ACTIVITY: Word for word, repeat the entries, minus the pictures.

Stored data entries:
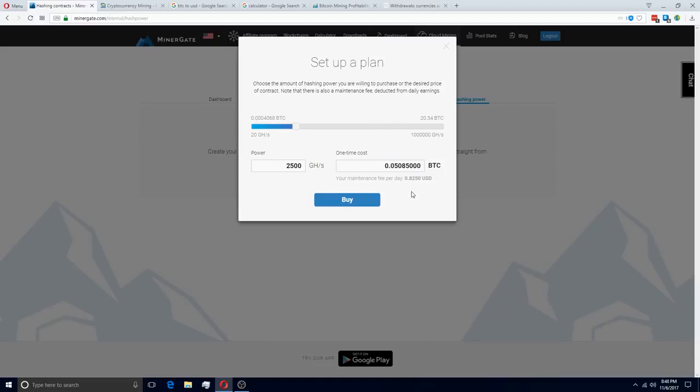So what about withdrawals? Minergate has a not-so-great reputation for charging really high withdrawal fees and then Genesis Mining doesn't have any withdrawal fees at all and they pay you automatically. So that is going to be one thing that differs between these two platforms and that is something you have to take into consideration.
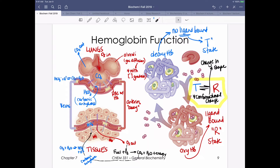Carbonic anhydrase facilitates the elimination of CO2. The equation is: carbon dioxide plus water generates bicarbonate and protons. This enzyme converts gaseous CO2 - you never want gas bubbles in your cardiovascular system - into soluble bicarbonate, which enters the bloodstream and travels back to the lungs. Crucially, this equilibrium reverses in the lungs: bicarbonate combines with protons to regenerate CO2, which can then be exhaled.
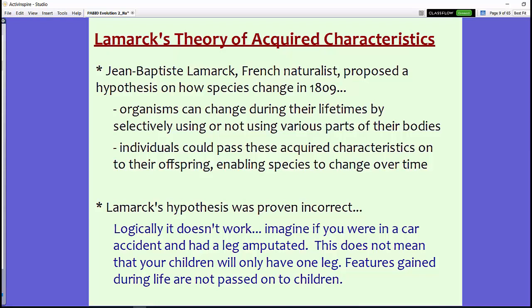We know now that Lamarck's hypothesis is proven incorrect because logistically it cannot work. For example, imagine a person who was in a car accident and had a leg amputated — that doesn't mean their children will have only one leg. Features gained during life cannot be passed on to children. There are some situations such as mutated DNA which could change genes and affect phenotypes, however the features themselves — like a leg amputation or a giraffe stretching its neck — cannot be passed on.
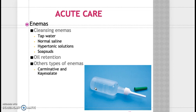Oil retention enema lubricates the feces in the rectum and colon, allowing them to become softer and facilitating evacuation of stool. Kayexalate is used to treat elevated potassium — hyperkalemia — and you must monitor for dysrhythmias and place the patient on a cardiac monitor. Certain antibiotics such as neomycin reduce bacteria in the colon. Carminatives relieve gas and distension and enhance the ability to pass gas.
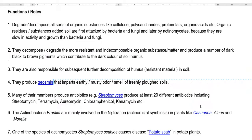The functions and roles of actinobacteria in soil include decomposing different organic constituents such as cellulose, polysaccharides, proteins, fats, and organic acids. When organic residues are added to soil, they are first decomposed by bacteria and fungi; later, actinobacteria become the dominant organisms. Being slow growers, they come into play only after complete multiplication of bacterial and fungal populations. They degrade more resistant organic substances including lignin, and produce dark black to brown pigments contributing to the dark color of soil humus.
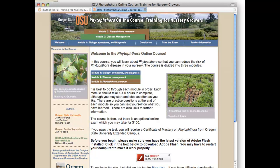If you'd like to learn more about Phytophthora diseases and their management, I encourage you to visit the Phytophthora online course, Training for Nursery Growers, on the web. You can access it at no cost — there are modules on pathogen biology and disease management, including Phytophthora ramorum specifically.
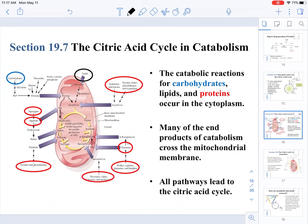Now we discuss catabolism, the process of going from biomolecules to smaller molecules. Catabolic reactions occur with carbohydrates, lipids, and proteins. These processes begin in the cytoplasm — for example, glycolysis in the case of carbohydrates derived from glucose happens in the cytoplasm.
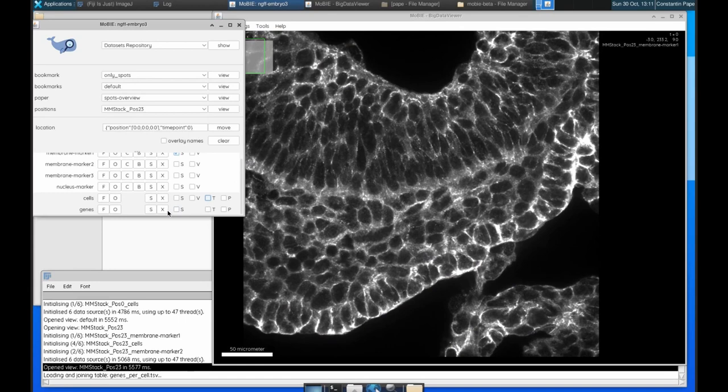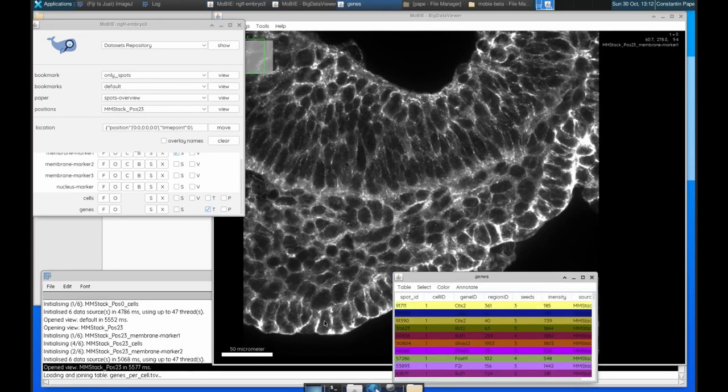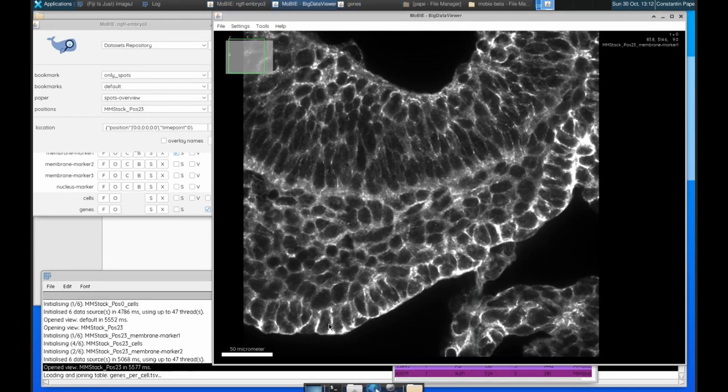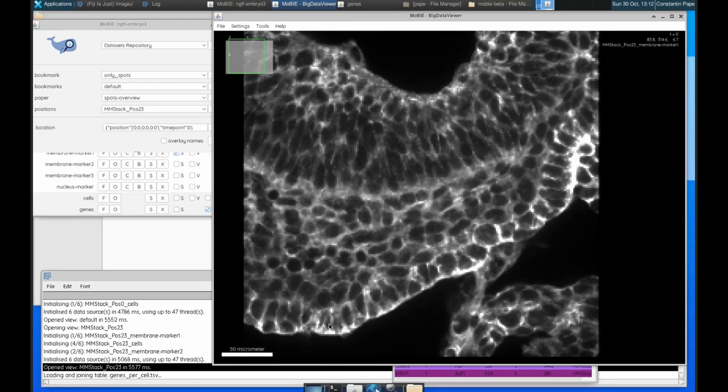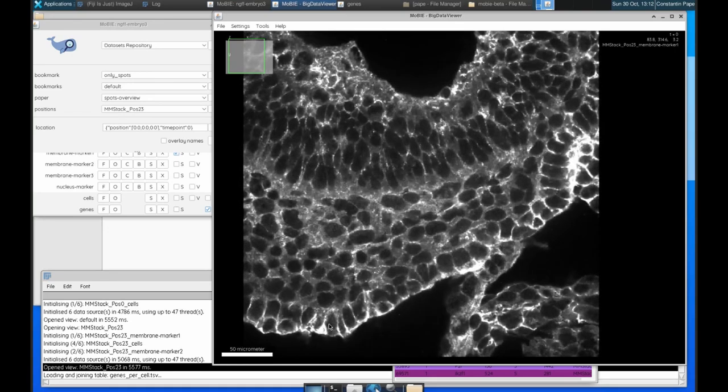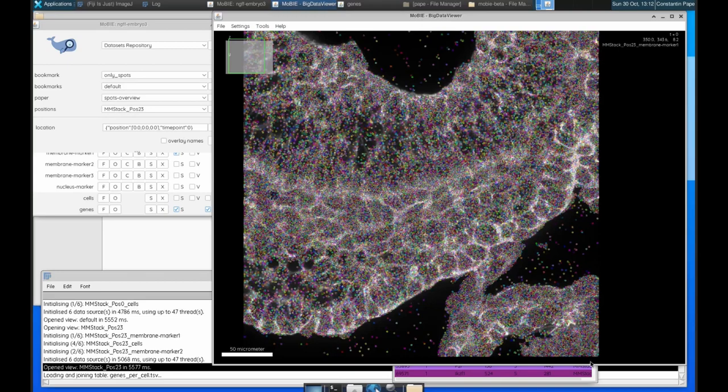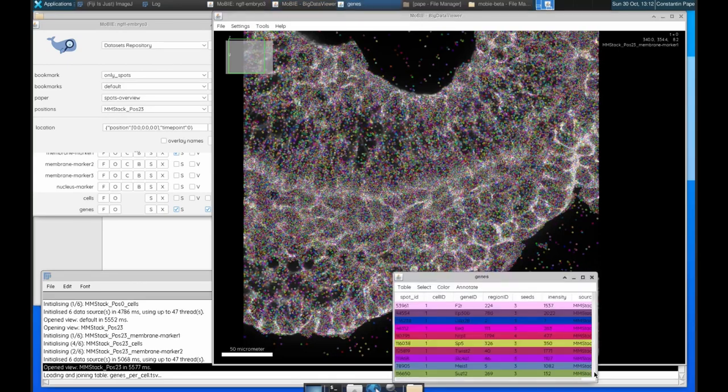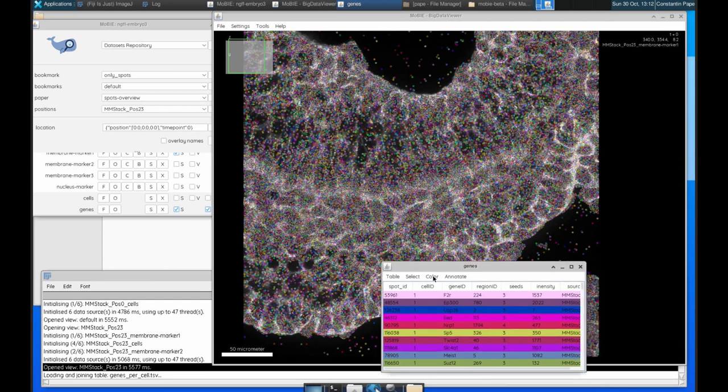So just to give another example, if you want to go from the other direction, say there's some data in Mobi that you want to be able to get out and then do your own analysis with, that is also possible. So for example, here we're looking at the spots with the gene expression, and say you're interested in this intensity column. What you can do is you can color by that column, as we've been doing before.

YOUR SOLUTION:
So what about withdrawals? Minergate has a not-so-great reputation for charging really high withdrawal fees and then Genesis Mining doesn't have any withdrawal fees at all and they pay you automatically. So that is going to be one thing that differs between these two platforms and that is something you have to take into consideration.
Carbonic anhydrase facilitates the elimination of CO2. The equation is: carbon dioxide plus water generates bicarbonate and protons. This enzyme converts gaseous CO2 - you never want gas bubbles in your cardiovascular system - into soluble bicarbonate, which enters the bloodstream and travels back to the lungs. Crucially, this equilibrium reverses in the lungs: bicarbonate combines with protons to regenerate CO2, which can then be exhaled.
We know now that Lamarck's hypothesis is proven incorrect because logistically it cannot work. For example, imagine a person who was in a car accident and had a leg amputated — that doesn't mean their children will have only one leg. Features gained during life cannot be passed on to children. There are some situations such as mutated DNA which could change genes and affect phenotypes, however the features themselves — like a leg amputation or a giraffe stretching its neck — cannot be passed on.
Oil retention enema lubricates the feces in the rectum and colon, allowing them to become softer and facilitating evacuation of stool. Kayexalate is used to treat elevated potassium — hyperkalemia — and you must monitor for dysrhythmias and place the patient on a cardiac monitor. Certain antibiotics such as neomycin reduce bacteria in the colon. Carminatives relieve gas and distension and enhance the ability to pass gas.
The functions and roles of actinobacteria in soil include decomposing different organic constituents such as cellulose, polysaccharides, proteins, fats, and organic acids. When organic residues are added to soil, they are first decomposed by bacteria and fungi; later, actinobacteria become the dominant organisms. Being slow growers, they come into play only after complete multiplication of bacterial and fungal populations. They degrade more resistant organic substances including lignin, and produce dark black to brown pigments contributing to the dark color of soil humus.
If you'd like to learn more about Phytophthora diseases and their management, I encourage you to visit the Phytophthora online course, Training for Nursery Growers, on the web. You can access it at no cost — there are modules on pathogen biology and disease management, including Phytophthora ramorum specifically.
Now we discuss catabolism, the process of going from biomolecules to smaller molecules. Catabolic reactions occur with carbohydrates, lipids, and proteins. These processes begin in the cytoplasm — for example, glycolysis in the case of carbohydrates derived from glucose happens in the cytoplasm.
So just to give another example, if you want to go from the other direction, say there's some data in Mobi that you want to be able to get out and then do your own analysis with, that is also possible. So for example, here we're looking at the spots with the gene expression, and say you're interested in this intensity column. What you can do is you can color by that column, as we've been doing before.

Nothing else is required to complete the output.